• [Work request]: Filter the records below down to lines containing "Blue".

--- START ---

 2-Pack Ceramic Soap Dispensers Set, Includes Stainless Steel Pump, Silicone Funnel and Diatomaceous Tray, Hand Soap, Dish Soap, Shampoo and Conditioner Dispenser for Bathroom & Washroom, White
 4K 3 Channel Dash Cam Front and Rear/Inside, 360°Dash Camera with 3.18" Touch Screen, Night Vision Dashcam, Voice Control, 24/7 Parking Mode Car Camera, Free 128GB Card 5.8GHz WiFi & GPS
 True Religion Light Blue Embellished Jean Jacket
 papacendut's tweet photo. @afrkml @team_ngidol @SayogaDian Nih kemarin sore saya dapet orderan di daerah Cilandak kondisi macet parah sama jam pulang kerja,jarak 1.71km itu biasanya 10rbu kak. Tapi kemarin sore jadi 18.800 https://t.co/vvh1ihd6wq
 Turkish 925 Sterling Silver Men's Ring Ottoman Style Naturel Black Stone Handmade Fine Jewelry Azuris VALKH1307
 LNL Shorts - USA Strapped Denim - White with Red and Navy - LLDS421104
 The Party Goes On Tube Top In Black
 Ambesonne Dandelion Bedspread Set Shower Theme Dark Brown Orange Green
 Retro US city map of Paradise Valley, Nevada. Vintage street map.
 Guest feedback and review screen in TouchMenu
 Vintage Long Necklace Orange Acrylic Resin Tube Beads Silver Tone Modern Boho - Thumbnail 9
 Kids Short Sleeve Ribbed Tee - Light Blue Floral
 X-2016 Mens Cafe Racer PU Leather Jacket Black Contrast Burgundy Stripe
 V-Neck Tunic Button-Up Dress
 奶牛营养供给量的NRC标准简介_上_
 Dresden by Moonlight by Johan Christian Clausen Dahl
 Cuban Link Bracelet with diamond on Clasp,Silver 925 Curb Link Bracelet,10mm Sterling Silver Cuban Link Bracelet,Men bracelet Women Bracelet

--- END ---

• [Exercise solution]:
 True Religion Light Blue Embellished Jean Jacket
 Kids Short Sleeve Ribbed Tee - Light Blue Floral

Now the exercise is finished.